Association Discovery — the Apriori algorithm

4 Likes

Association discovery is commonly called Market Basket Analysis (MBA). MBA is widely used by grocery stores, banks and telecommunications among others. Its results are used to optimise store layouts, design product bundles, plan coupon offers, choose appropriate specials and choose attached mailing in direct marketing. MBA helps us to understand what items are likely to be purchased together. On-line transaction processing systems often provide the data sources for association discovery.

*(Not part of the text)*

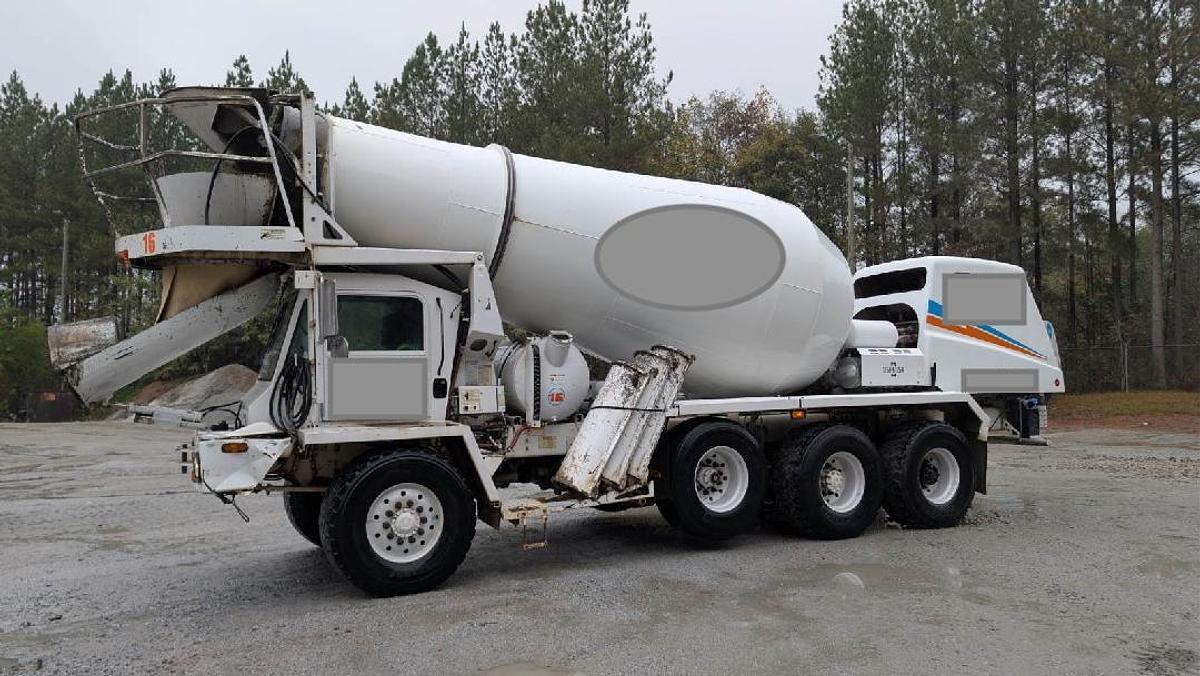 Used (2) 2015 Oshkosh Tri-Axle #16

What is Market Basket Analysis?

People who buy Toothpaste also tend to buy a toothbrush, right? The marketing team at retail stores should target customers who buy toothpaste and toothbrush also provide an offer to them so that customer buys a third item example mouthwash. If a customer buys toothpaste and toothbrush and sees a discount offer on mouthwash they will be encouraged to spend extra and buy the mouthwash and this is what market analysis is all about. It helps us to understand what items are likely to be purchased together. On-line transaction processing systems often provide the data sources for association discovery.

Source: MBA — Shopping Trolley Analogy from Berry and Linoff (2004)

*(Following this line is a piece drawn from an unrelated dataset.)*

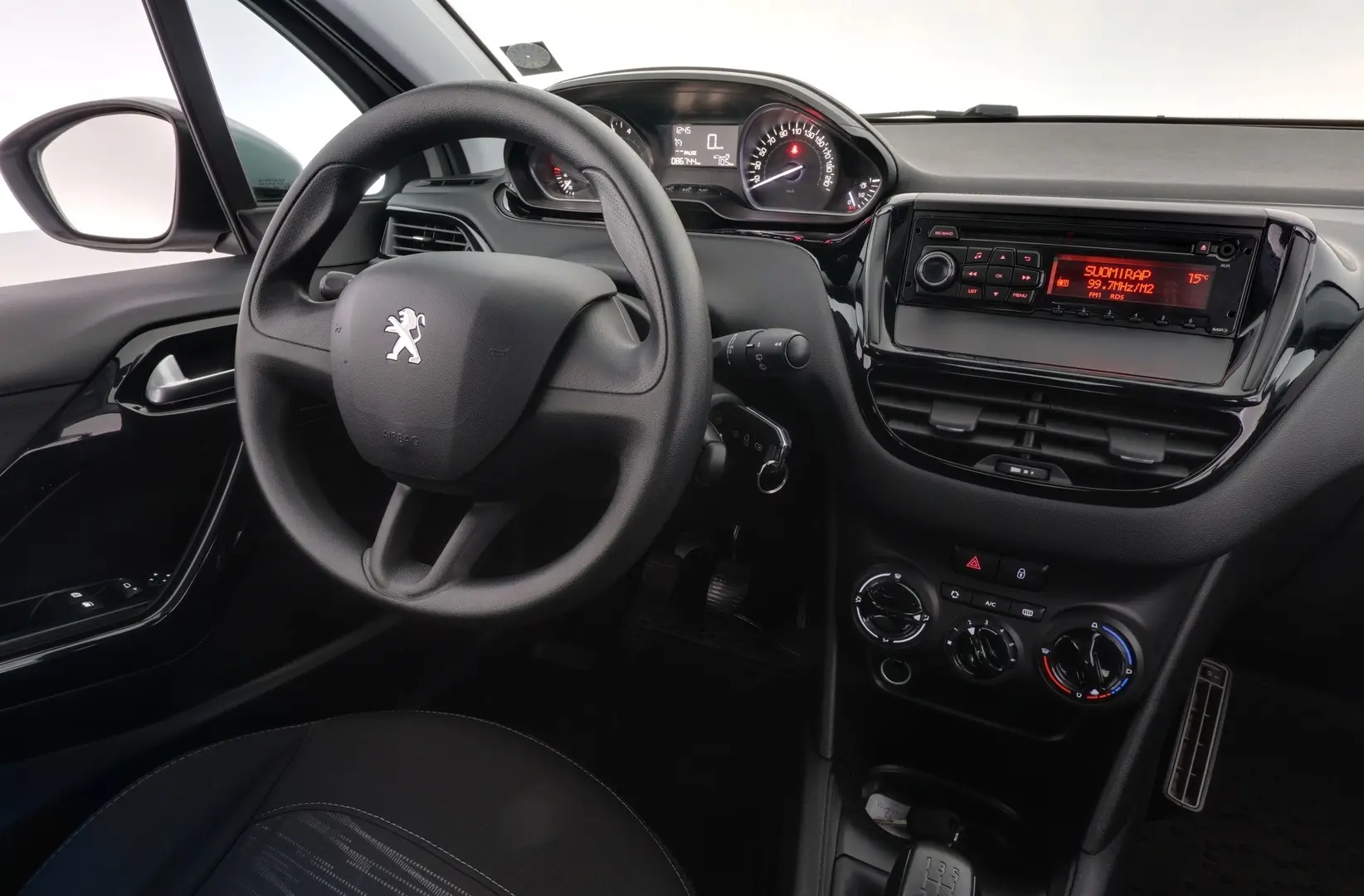 Car Image - 44NzPA0D3QfiutMr488Aqd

Typically, a transaction is a single customer purchase, and the items are the things that were bought. Association discovery is the identification of items that occur together in a given event or record. Association rules highlight frequent patterns of associations or causal structures among sets of items or objects in transaction databases. Association discovery rules are based on frequency counts of the number of times items occur alone and in combination in the database. They are expressed as “if item A is part of an event, then item B is also part of the event, X percent of the time.” Thus an association rule is a statement of the form (item set A) ⇒ (item set B).

Example: Customer buys toothpaste (Item A) then the chances of toothbrush (item b) being picked by the customer under the same transaction ID. One thing needs to understand here, this is not a casualty rather it is a co-occurrence pattern.

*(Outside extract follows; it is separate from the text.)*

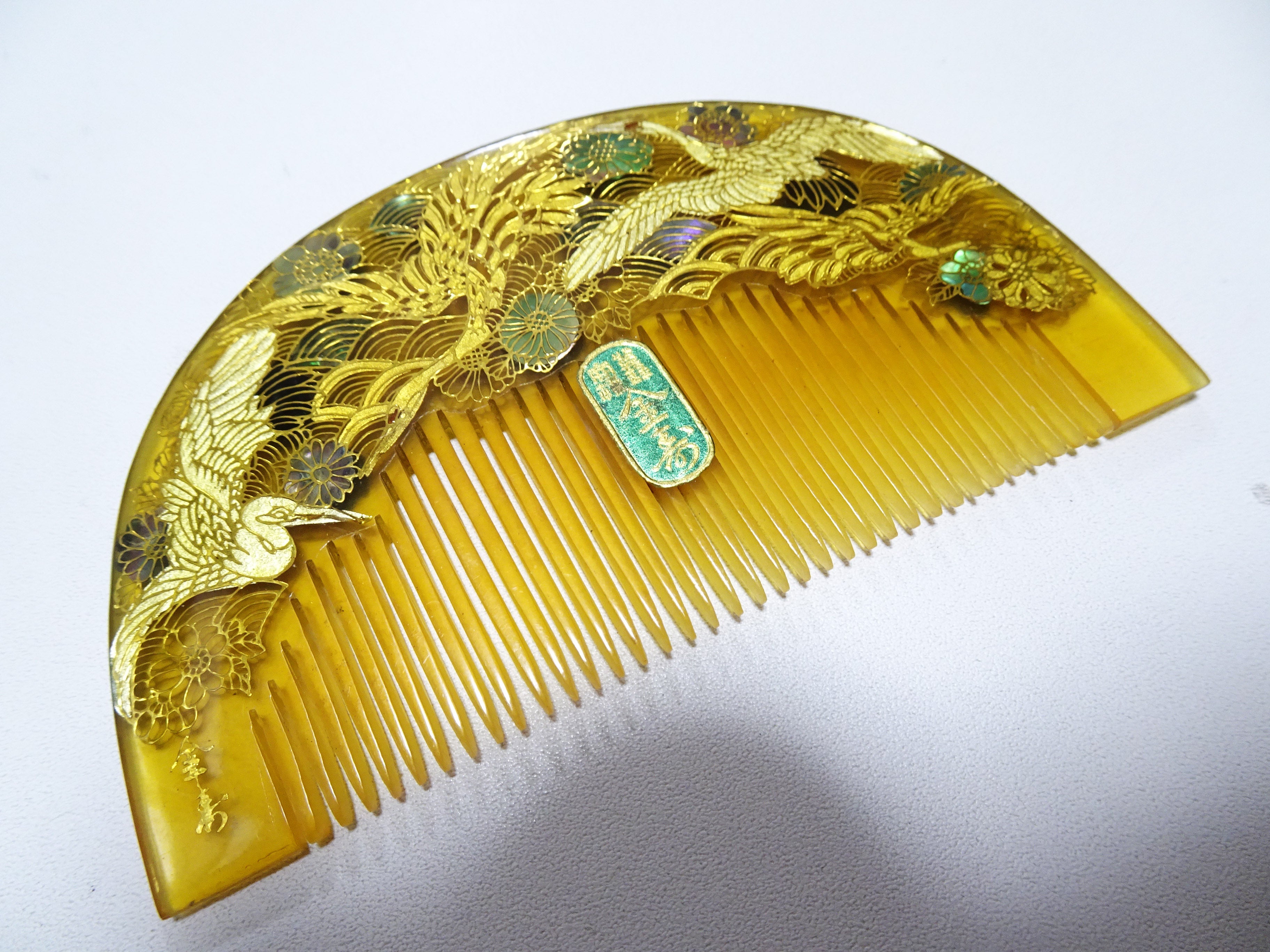 Japanese Vintage  Resin Comb Makie $ Raden 15146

Above toothpaste is a baby example. If we take real retail stores and they have more than thousands of items. Just imagine how much revenue they can make by using this algorithm with the right placement of items. MBA is a popular algorithm which helps the business make a profit. The above A and B rule were created for two items. It is difficult to create a rule for more than 1000 items that’s where the Associate discovery and apriori algorithm comes to the picture. Let’s see how this algorithm works?

Basic Concepts for Association Discovery

An association rule is written A => B where A is the antecedent and B is the consequent. Both sides of an association rule can contain more than one item. Techniques used in Association discovery are borrowed from probability and statistics. Support, confidence and Lift are three important evaluation criteria of association discovery.

Support

The level of support is how frequently the combination occurs in the market basket (database). Support is the percentage of baskets (or transactions) that contain both A and B of the association, i.e. % of baskets where the rule is true

Support(A => B) = P(A ∩ B)

Expected confidence

This is the probability of the consequent if it was independent of the antecedent. Expected confidence is thus the percentage of occurrences containing B

Expected confidence (A => B) = P(B)

Confidence

The strength of an association is defined by its confidence factor, which is the percentage of cases in which a consequent appears given that the antecedent has occurred. Confidence is the percentage of baskets having A that also contain B, i.e. % of baskets containing B among those containing A. Note: Confidence(A => B) ≠ Confidence(B => A).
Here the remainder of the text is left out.